==== Material provided

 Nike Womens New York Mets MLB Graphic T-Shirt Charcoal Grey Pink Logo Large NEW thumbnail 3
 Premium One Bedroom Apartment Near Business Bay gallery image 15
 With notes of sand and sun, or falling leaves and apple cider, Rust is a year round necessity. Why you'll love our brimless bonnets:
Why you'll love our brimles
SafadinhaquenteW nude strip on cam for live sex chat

========
==== Material provided

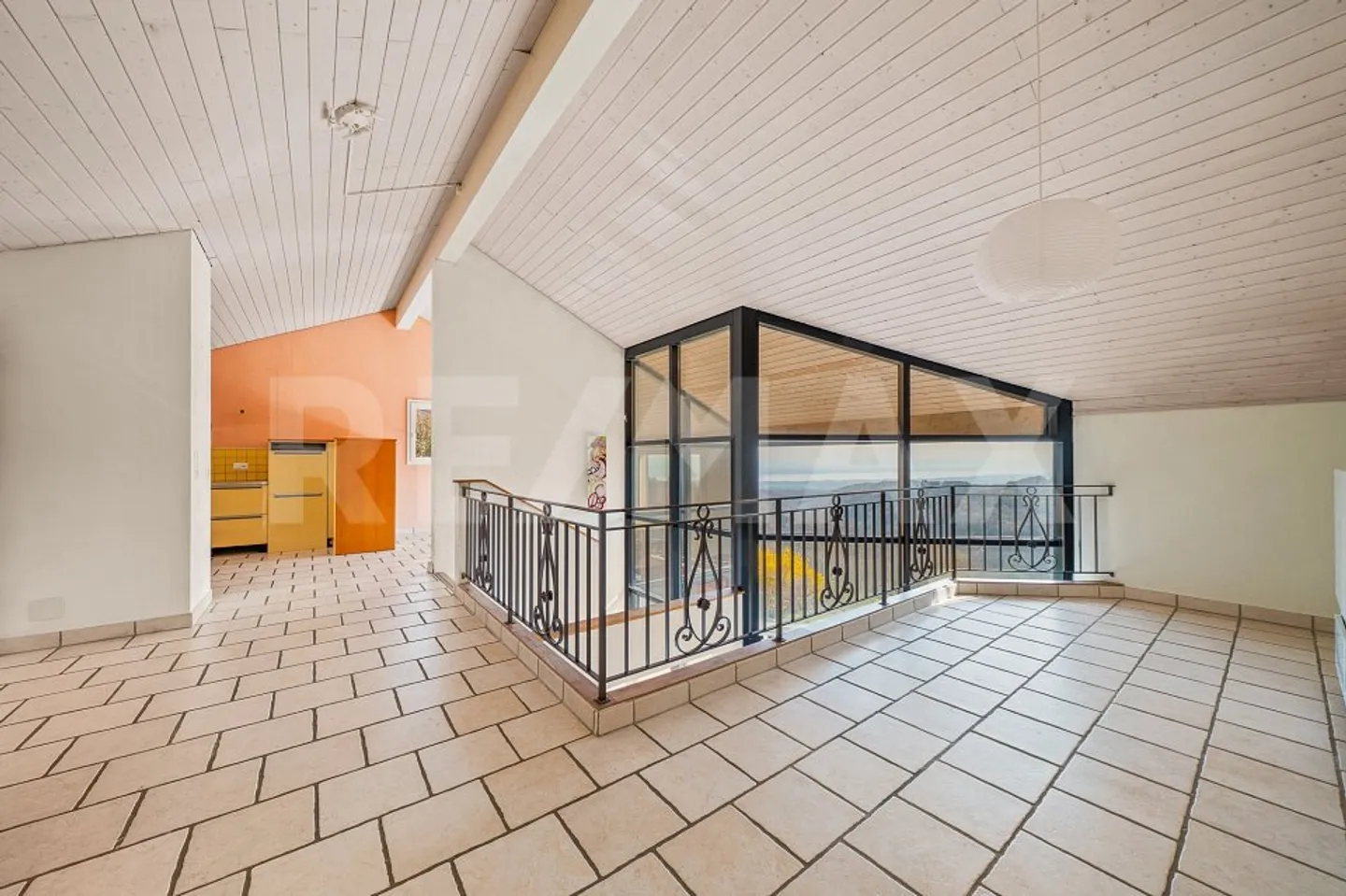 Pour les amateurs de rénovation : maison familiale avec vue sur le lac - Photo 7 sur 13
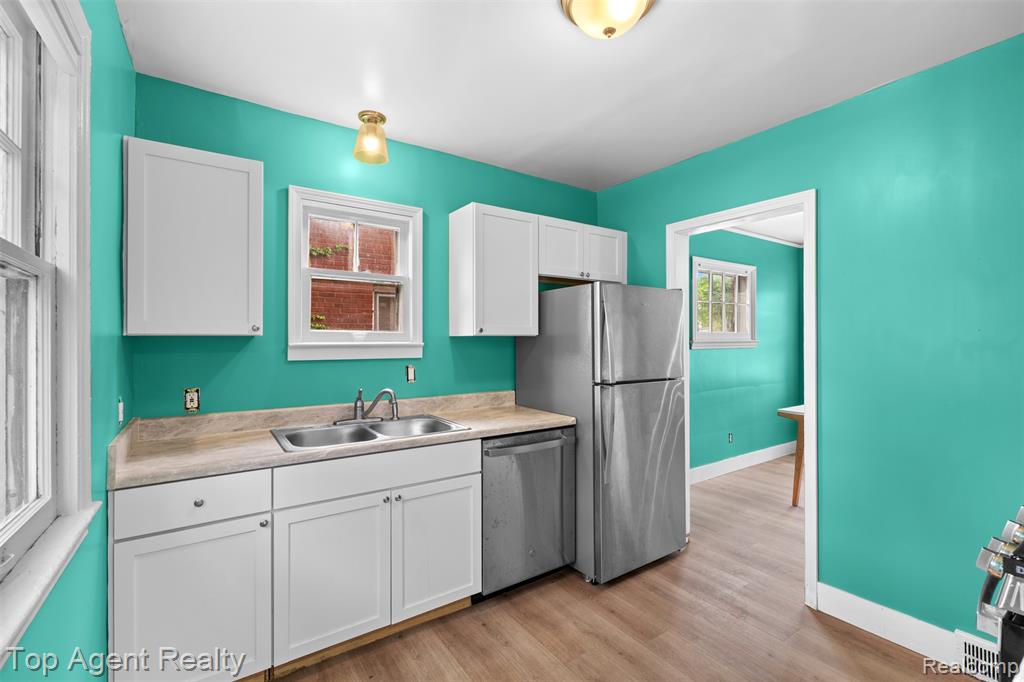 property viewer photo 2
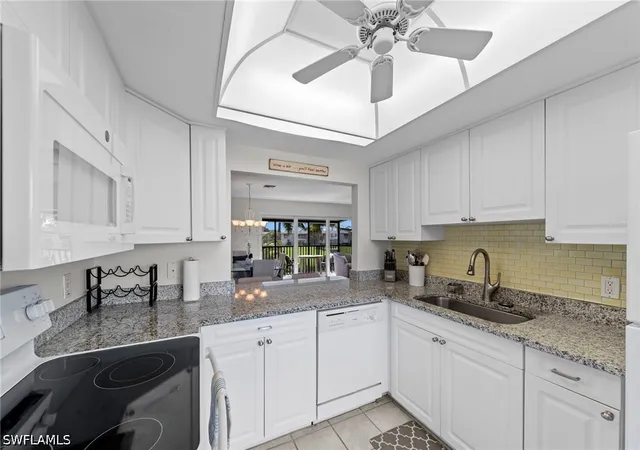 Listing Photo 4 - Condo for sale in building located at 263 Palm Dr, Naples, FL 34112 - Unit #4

========

== Activity ==
The number alone, please: how many lines in the data contain the string "love"?

== Output below ==
2